摘要
1) 一句话总结
有效利用AI的核心不在于盲目追求“AI Agent(智能体)”概念,而在于回归第一性原理,设计出能充分发挥AI优势的“AI友好型工作流”。
2) 关键要点
- Agent并非银弹:吴恩达提出的多智能体翻译(直译、审查、意译)能提升质量,本质上是利用了“思维链(CoT)”将复杂推理拆解,而非Agent概念本身的功劳。

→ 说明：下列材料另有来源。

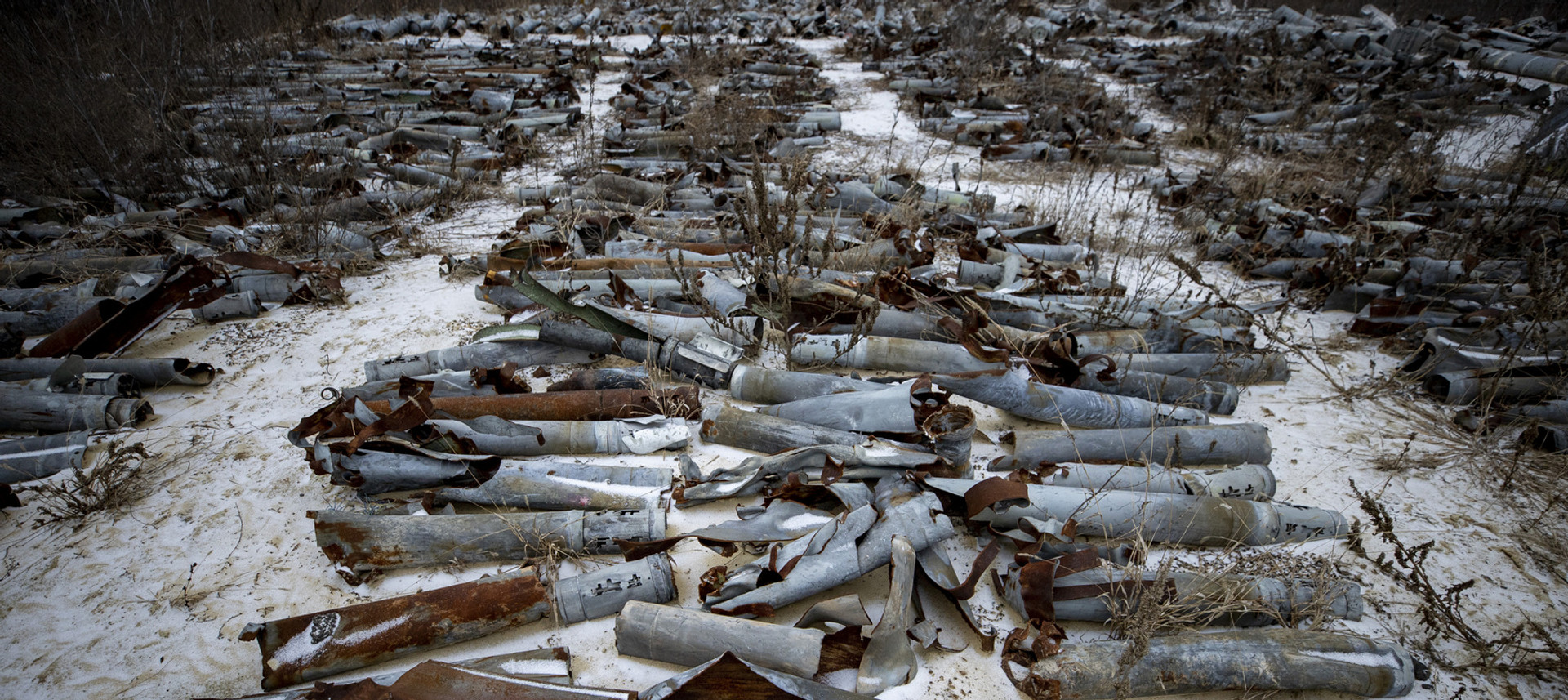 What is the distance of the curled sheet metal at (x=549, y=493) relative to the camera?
2689 millimetres

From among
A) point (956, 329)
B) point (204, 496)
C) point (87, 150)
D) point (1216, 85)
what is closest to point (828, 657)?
point (956, 329)

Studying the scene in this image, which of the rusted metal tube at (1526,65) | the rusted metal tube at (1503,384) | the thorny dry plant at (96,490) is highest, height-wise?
the rusted metal tube at (1526,65)

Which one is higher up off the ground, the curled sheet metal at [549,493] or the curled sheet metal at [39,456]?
the curled sheet metal at [549,493]

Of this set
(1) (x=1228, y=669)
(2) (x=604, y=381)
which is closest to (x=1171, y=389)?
(1) (x=1228, y=669)

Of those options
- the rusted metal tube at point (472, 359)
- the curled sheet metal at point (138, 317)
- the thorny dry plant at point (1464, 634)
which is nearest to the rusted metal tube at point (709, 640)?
the rusted metal tube at point (472, 359)

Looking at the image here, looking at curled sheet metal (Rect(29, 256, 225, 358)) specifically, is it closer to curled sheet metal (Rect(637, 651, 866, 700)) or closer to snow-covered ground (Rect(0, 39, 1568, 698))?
snow-covered ground (Rect(0, 39, 1568, 698))

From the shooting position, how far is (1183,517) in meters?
2.58

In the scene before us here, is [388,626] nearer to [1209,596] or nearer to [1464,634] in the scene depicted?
[1209,596]

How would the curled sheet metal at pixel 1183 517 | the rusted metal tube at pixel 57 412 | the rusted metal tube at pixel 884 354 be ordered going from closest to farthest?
the curled sheet metal at pixel 1183 517 → the rusted metal tube at pixel 57 412 → the rusted metal tube at pixel 884 354

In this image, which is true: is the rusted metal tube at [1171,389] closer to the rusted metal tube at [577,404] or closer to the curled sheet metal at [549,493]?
the rusted metal tube at [577,404]

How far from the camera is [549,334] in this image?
12.1ft

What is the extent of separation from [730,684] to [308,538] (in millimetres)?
1916

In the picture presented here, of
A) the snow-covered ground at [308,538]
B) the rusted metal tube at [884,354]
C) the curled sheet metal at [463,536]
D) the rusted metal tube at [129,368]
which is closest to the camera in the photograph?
the snow-covered ground at [308,538]

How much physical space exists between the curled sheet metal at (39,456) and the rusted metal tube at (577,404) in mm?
1312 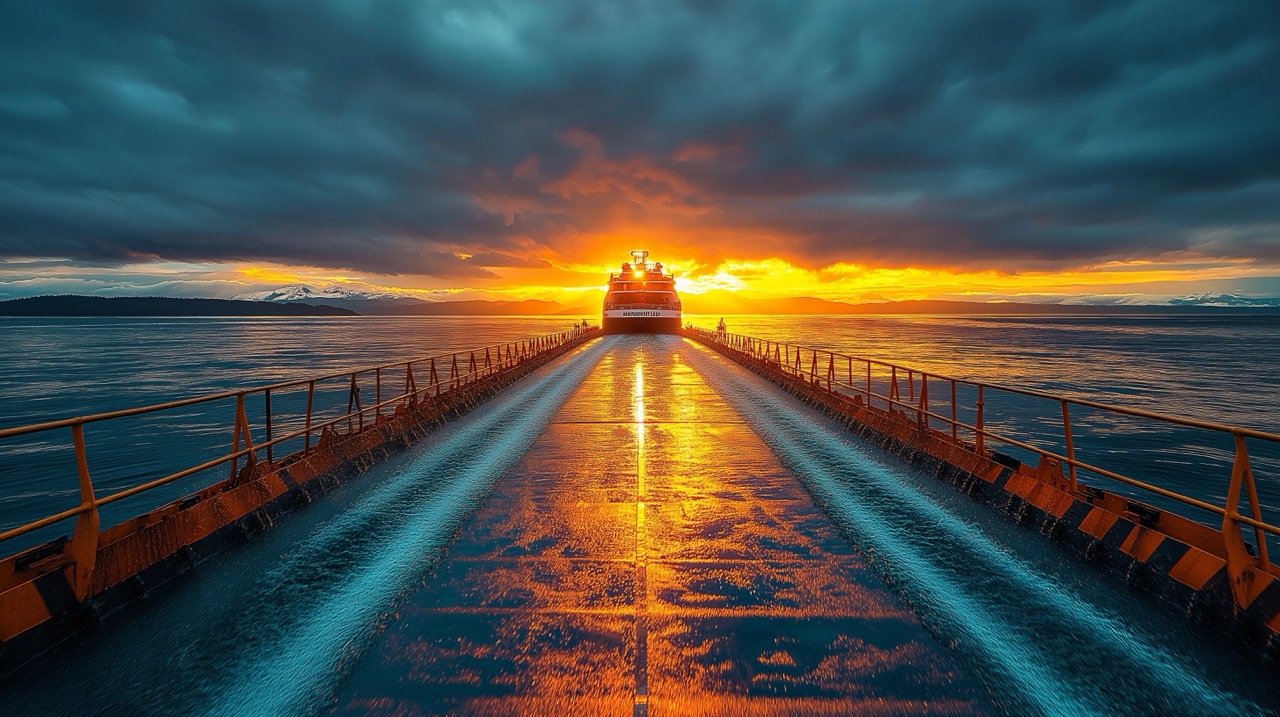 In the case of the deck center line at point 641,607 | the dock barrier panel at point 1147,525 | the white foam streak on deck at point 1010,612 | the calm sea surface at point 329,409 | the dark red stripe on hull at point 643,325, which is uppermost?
the dark red stripe on hull at point 643,325

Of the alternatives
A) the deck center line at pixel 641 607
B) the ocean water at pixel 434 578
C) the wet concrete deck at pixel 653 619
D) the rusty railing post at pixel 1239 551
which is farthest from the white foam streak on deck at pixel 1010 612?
the deck center line at pixel 641 607

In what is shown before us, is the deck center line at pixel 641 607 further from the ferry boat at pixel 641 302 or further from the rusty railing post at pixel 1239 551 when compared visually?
the ferry boat at pixel 641 302

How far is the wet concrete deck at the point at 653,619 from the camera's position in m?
3.98

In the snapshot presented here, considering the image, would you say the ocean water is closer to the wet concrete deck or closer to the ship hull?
the wet concrete deck

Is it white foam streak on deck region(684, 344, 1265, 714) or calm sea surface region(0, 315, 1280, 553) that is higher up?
white foam streak on deck region(684, 344, 1265, 714)

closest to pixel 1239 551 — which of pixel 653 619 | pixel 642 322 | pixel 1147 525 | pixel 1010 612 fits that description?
pixel 1147 525

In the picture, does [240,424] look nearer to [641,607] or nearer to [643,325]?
[641,607]

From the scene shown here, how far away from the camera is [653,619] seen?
4.91 meters

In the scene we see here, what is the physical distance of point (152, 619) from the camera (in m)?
4.95

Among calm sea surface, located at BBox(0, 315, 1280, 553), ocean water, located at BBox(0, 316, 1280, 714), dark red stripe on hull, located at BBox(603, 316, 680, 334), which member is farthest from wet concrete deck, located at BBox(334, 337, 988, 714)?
dark red stripe on hull, located at BBox(603, 316, 680, 334)

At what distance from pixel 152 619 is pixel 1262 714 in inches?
325

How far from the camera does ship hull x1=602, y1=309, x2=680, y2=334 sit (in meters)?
64.2

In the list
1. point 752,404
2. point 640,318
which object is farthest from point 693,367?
point 640,318

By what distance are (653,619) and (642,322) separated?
60596mm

- 避免过度拟人化:不要将人类解决问题的方法生搬硬套给AI(例如试图让AI模仿产品经理、架构师、测试员等人类团队分工),而应采用适合AI的模式(如GitHub Copilot的辅助生成模式)。
- AI定位为辅助而非决策者:当前主流且有效的模式是将AI作为“副驾(Copilot)”,或让AI处理边界清晰的具体任务(如抓取评论、情感分析、草拟回复),而非让其主导开放性任务。
- 跨领域工具结合:不要过度依赖单一的大语言模型(LLM),应将LLM与其他领域的专业AI模型或外部工具结合使用。

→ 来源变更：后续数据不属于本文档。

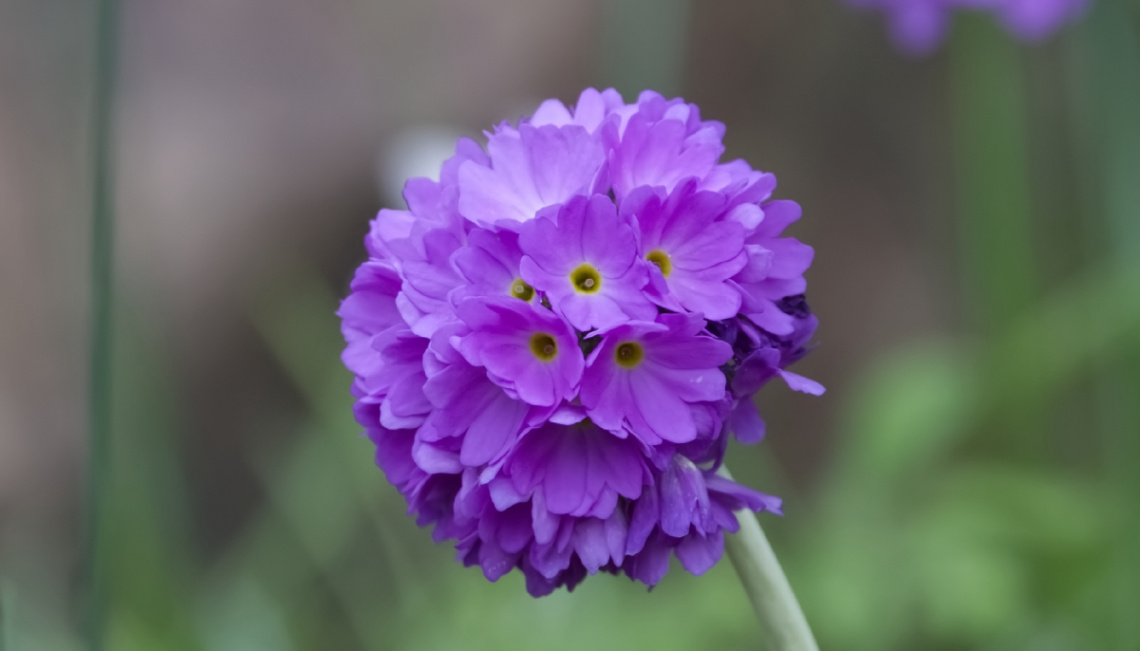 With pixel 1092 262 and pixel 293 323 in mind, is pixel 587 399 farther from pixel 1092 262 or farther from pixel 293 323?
pixel 1092 262

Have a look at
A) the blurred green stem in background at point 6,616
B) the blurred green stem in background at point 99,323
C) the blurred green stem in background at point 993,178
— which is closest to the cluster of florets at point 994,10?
the blurred green stem in background at point 993,178

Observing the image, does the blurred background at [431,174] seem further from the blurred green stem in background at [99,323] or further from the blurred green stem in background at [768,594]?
the blurred green stem in background at [768,594]

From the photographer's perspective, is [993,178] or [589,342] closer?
[589,342]

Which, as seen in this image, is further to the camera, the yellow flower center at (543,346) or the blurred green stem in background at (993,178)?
the blurred green stem in background at (993,178)

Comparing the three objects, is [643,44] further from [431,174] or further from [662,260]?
[662,260]

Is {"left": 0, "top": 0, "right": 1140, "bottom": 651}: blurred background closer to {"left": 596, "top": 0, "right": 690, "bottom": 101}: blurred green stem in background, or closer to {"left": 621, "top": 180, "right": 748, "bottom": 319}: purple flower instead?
{"left": 596, "top": 0, "right": 690, "bottom": 101}: blurred green stem in background

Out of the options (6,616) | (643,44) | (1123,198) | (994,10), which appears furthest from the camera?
(643,44)

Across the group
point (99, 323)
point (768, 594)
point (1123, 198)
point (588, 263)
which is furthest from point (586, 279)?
point (1123, 198)

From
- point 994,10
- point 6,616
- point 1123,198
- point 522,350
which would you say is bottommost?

- 运用第一性原理:将AI视为工具,明确核心问题,拆解基本要素,从零构建最适合的解决方案。
- 成功案例1(PDF转Markdown):PDFGPT项目通过工作流结合了PyMuPDF(提取图表并用红框标记)与GPT-4的视觉能力,成功解决了PDF结构化提取的难题。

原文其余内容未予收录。